Titled A journey into the everyday lives of the victims of five neglected diseases and the medical teams caring for them, the 80 pictures showcased throw light on the inhuman and meagre conditions under which the MSF's volunteers work to provide the basic medical assistance for the people in the under developed and developing countries.
The exhibition, which is apart of the MSF's Access to Essential Medicines Campaign, aims to raise awareness among people about how millions of life is lost every year due to the lack of affordable and effective treatment for the neglected diseases.
According to MSF statistics, fifteen million people die yearly due to lack of medical assistance or the non availability of affordable treatment for diseases like malaria, tuberculosis, sleeping sickness, leishmaniasis and chagas. Too often MSF volunteers are left without any treatment option when the only available medicines are archaic, ineffective or even toxic.
The western pharmaceutical companies totally neglect the manufacturing of such essential drugs, as they see no profitable market for the same. For example, the most commonly used drug for 'Kala-azar,' a sever variant of leishmaniasis was discovered more than half a century ago, and in certain regions, the parasite is becoming resistant to it. The production of a new promising drug, the antibiotic aminosidine, has been abandoned for the time being because no company has found its marketing potential worthwhile. In contrast, drug laboratories are busy developing innovative up market cures for non life-threatening ailments like baldness. And worst, there is a lack of initiative from the governments and other public bodies to allocate funds for the research for the development of new treatment options in the developing nations.
The mission statement of the Drugs for Neglected Diseases (DND) Working Group formed in 1999 reads as, "it is the responsibility of society to address this public health failure, and seek new and creative strategies to solve this problem.
"The exhibition aims to promote and encourage research in the field that will generate new and cost effective treatment for the infectious and parasitic diseases and to increase access to life-saving drugs in developing countries," said Tahar Hani, Communications Officer at the MSF's Abu Dhabi office.

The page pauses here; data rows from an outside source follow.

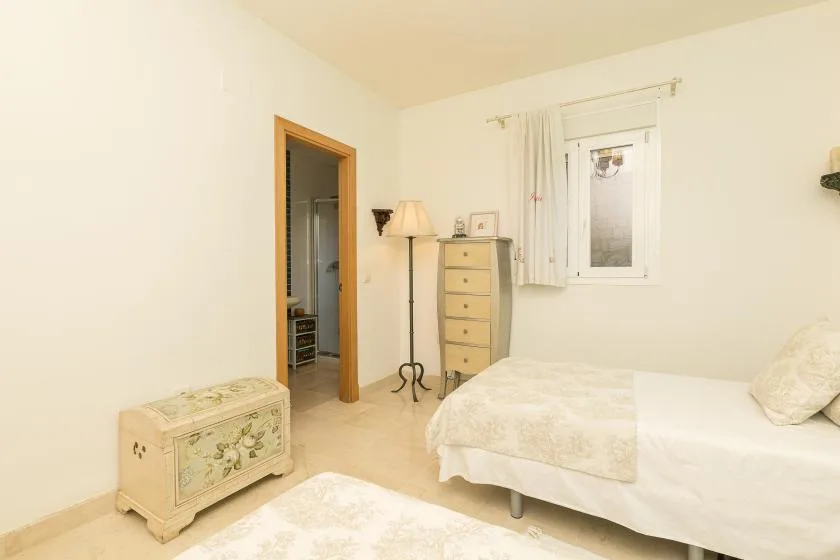 A bedroom with a bed, a chest, and a window with curtains.
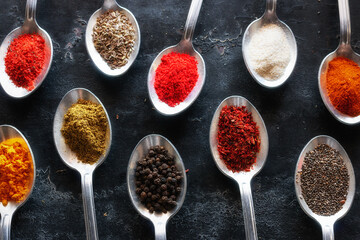 spices and herbs in tablespoons on a black kitchen table close-up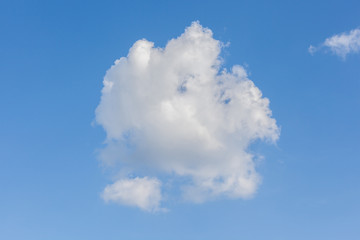 Cumulus clouds over the blue sky background.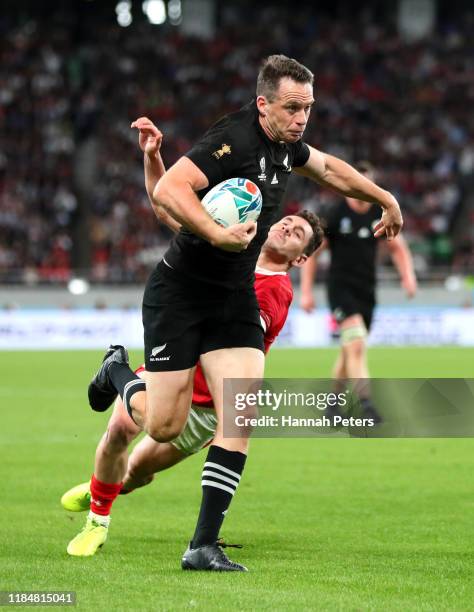Ben Smith of New Zealand hands off Tomos Williams of Wales as he scores his team's fourth try during the Rugby World Cup 2019 Bronze Final match...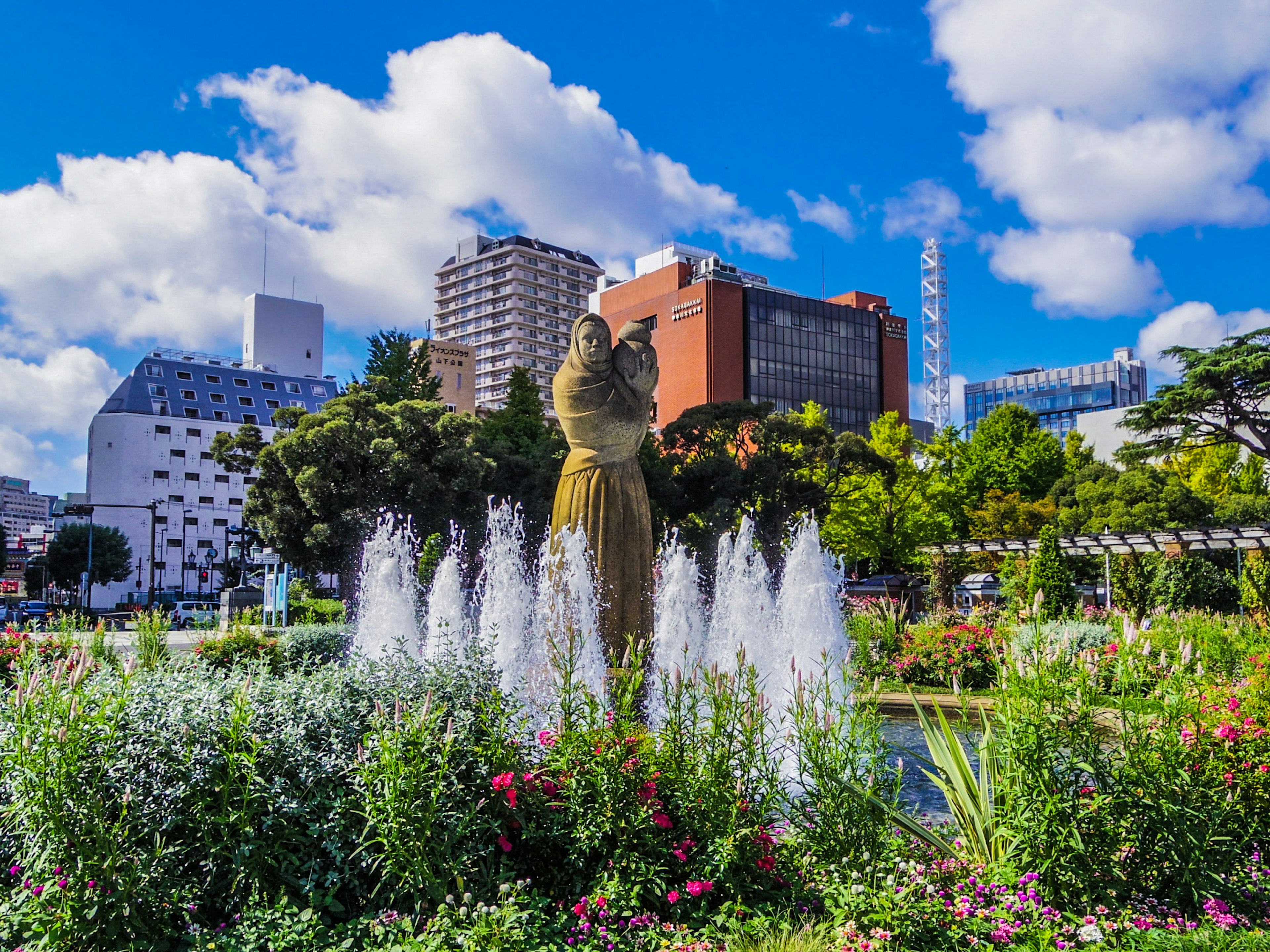 Vista panoramica di un parco con fontana e fiori colorati grattacieli sullo sfondo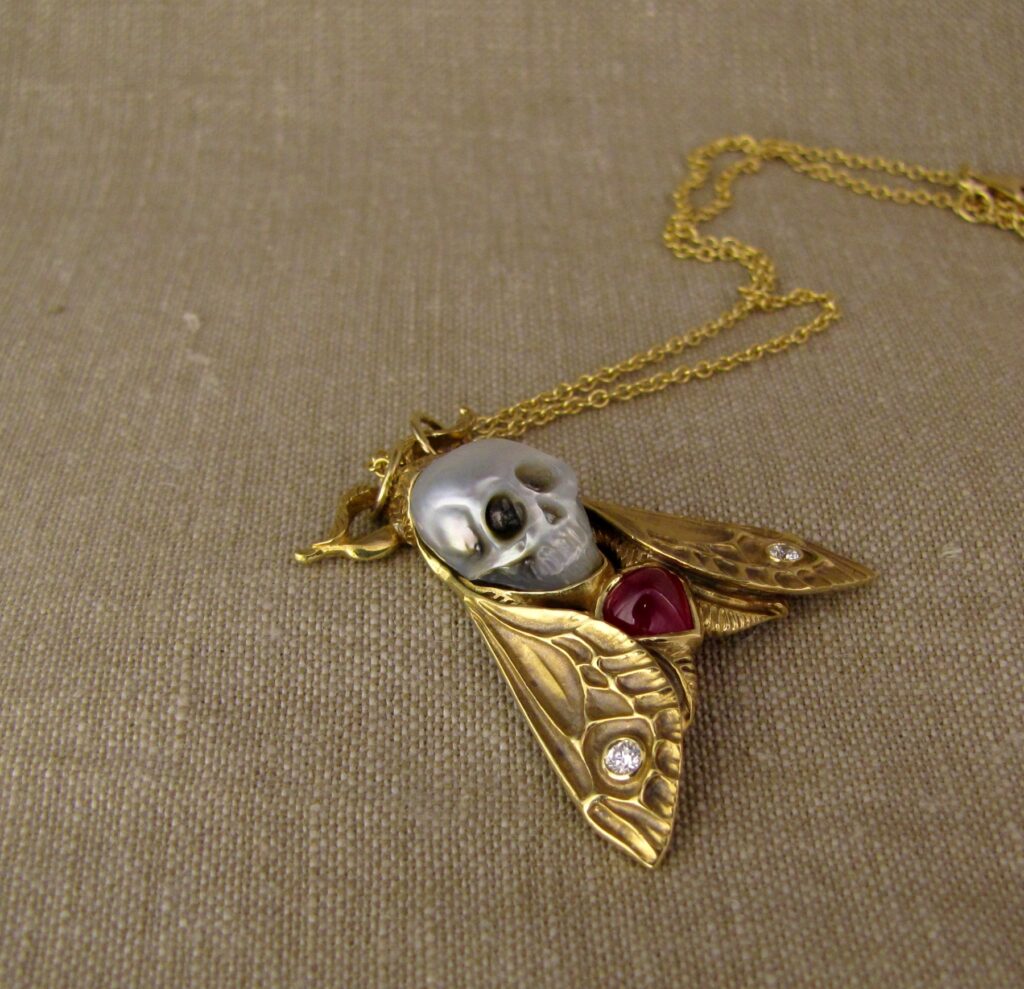 Hand-carved Death's Head Hawkmoth Memento Mori pendant, carved pearl skull, ruby, diamonds, 18K, cheyenne weil jewelry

"UAE is the first country in the Middle East where MSF is conducting its exhibition and we hope to spread the message to other countries in the Gulf too," added Tahar.
The exhibition, which closes today, also gives the public a chance to view a model MSF field clinic that is set up alongside the photo exhibition. These outpatient clinics that are used in the early stages of refugee camp installations, natural and man made disasters, and as a response to an outburst of epidemics are set up by ready-made kits which cater for 1000 people for a duration of one month. "Kits like these are specially designed by MSF to provide quick and effective response for emergency situations and we want to give an idea how MSF manages to work in the remote and unstable parts of the world saving millions of lives with the most basic amenities," explained Soha Abouchakra, MSF events coordinator.